You can get a thermostat that will cut power and reenable it at a set temperature. They are used for brewing but I use them for science and steaks. It will give you fine control within a degree or two.
As I remember, counterintuitively, the shape that your crystal grows into depends on the direction of slowest growth. So I imagine the c direction is the slowest to grow. Hence the picture of a hexagonal prism taller than it is wide is probably not possible because the crystal will grow outwards faster than upwards.
Veritasium has a great video on snowflake growth, and gets to work with a scientist actually growing snowflakes. The crystal growth is very dependent on the exact temp and humidity.
If Technology Connections is to be believed, things would probably be improved by using a chest freezer, rather than a standing unit on a refrigerator.
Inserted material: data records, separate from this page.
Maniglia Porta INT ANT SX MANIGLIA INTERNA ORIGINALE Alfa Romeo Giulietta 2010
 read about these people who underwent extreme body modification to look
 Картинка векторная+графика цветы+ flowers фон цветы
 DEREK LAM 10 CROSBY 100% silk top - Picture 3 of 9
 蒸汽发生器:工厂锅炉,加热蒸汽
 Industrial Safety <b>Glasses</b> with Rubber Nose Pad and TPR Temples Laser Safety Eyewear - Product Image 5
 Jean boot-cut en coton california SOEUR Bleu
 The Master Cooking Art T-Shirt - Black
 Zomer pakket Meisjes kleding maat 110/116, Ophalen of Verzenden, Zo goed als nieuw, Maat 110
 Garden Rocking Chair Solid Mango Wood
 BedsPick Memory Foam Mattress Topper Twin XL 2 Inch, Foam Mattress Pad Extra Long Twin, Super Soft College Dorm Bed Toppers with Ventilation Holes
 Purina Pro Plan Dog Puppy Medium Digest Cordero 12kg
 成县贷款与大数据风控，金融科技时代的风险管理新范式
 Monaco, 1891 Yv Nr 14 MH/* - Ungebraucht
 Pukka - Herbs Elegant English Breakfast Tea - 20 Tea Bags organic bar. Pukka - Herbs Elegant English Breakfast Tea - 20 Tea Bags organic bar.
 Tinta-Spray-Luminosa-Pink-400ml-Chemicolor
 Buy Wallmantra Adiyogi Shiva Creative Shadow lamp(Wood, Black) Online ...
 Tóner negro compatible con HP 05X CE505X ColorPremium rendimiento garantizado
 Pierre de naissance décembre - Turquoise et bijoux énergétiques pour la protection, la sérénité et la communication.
Sounds like you’d want a PID controller to keep the “air” at -1C. Either using a variable-displacement compressor, or just a bunch of peltiers. Directly cooling the vacuum chamber, not in a freezer, maybe in a fridge. If there are “inverter” freezers out there, they’d be a good target for altering the control loop. Another idea is to use a variable frequency drive to power a regular freezer. A simple TRIAC circuit might work too, maybe. -2 - -4 degrees is under shooting I’d say, you should be able to get more accurate than that so long as you go for a good thermal sensor.
maybe a large body of ice inside the freezer next to the setup, to decrease fluctuations in Temperature could help. Also maybe a big insulator like a piece of plastic to fill some volume inside the vacuum chamber.
you ever try growing giant cubic salt crystals? I've tried to at home and had very limited success. I think I've run into similar basic issues. I need to take longer and control conditions more closely. it's amazing the step in complexity from forming small, visible crystals to forming big, hold in your hand crystals
Fascinating video! I'd love to see what these look like filmed with a polarized light source and an adjustable polarizing filter on your camera. I wonder if you could see the deposition layers in the ice crystal.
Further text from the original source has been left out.